Try not to simply say NO
We all know that the word NO has very negative connotations, so this week I would like to share 10 alternatives to just saying NO.
Last week, one of my clients was asking about how to make a more positive impact on students who were struggling in class. As most coaches would, I asked what my client wanted to achieve, what they were doing now, and what was the gap they needed to fill? It turned out that the students were getting disheartened when they got an answer incorrect, also the client didn't believe she was helping the situation. Now, I know my client is an excellent teacher, I have actually attended an online class as part of our sessions, but we quickly realized that it came down to one word, and that word was NO.
Sometimes my client would (in the interests of time) just say no to a student if they got an answer incorrect. This is actually true of some leaders at work when an idea is proposed in a meeting, or a suggestion is offered on the workshop floor. as with students, employees can get disheartened if they feel they are not part of the building process.
I, for one, know this little quote to be true:
A person (student or employee) who feels appreciated will always exceed their teacher or manager's expectation.
So today I have put together a couple of alternatives to the word NO, I know there are hundreds of others, but these especially will work for both students and employees. If you have any more, let me know by leaving a comment below. I would love to hear them and if I get enough, I will also share them as a poster or something similar.
Tip of the week: Try not to simply say NO.
Try these instead,
Let's look at this together?
Can you give me another suggestion?
Do you have another idea?
That's interesting, what made you think of that?

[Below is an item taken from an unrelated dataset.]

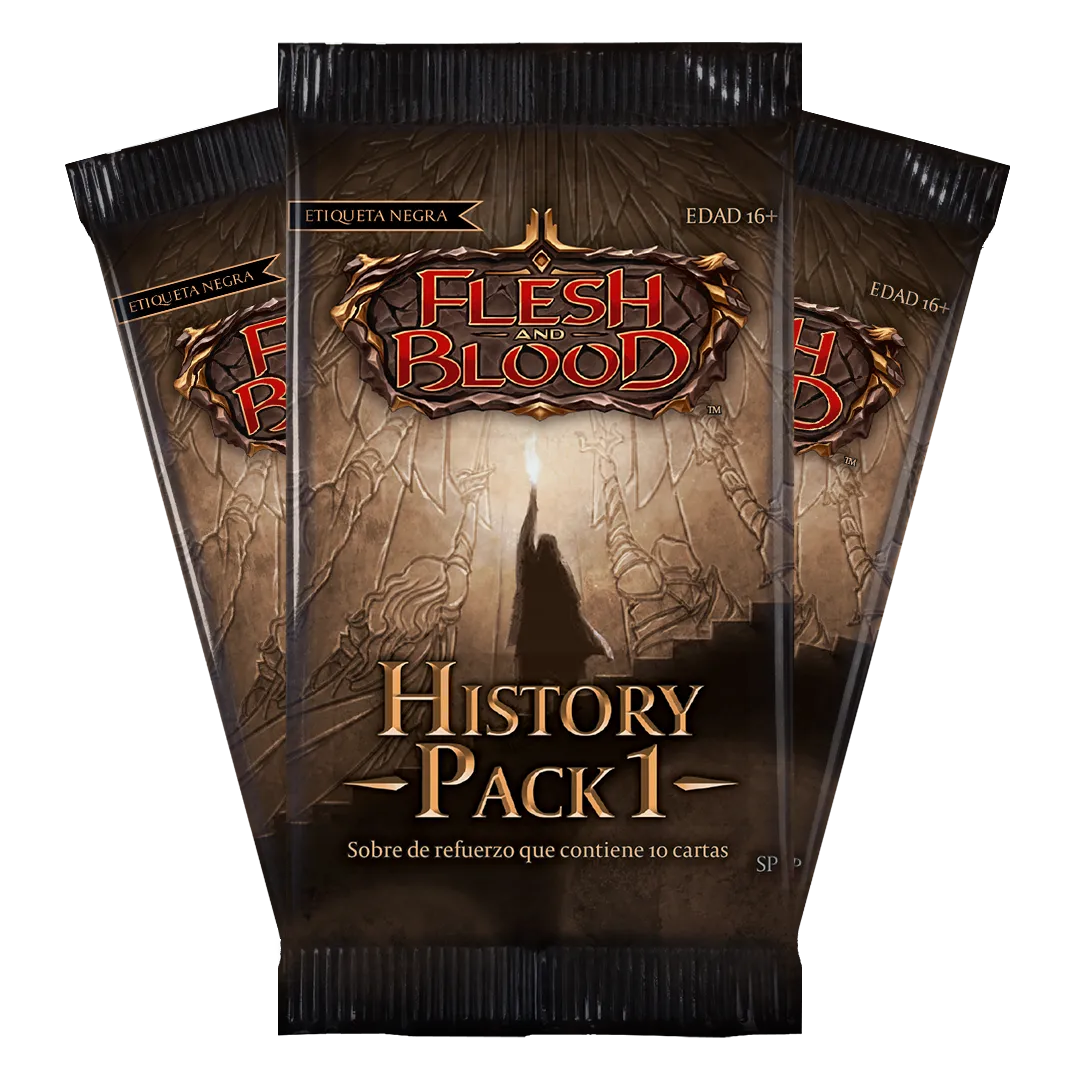 Black Label History Pack 1 Booster Box [SPA]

How can we make this work?
We may need to adjust your idea a bit
May I think about that?
How would you answer that question?
That's a good idea, however, can you think of any problems that may arise?

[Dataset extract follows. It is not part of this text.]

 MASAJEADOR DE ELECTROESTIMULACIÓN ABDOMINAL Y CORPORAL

I like your thinking, let's set up a time to discuss this further?
By the way, my client started utilizing more open-ended questions and then used more statements like; good try, a nice thought, have another go and my favorite, lots of people think the answer is that, just like you do. It made a massive impact on them. As a teacher I always believed that the goal is to build trust with students so they knew, I wasn't trying to embarrass them.
Let me know your thoughts, but most importantly, have a great week out there.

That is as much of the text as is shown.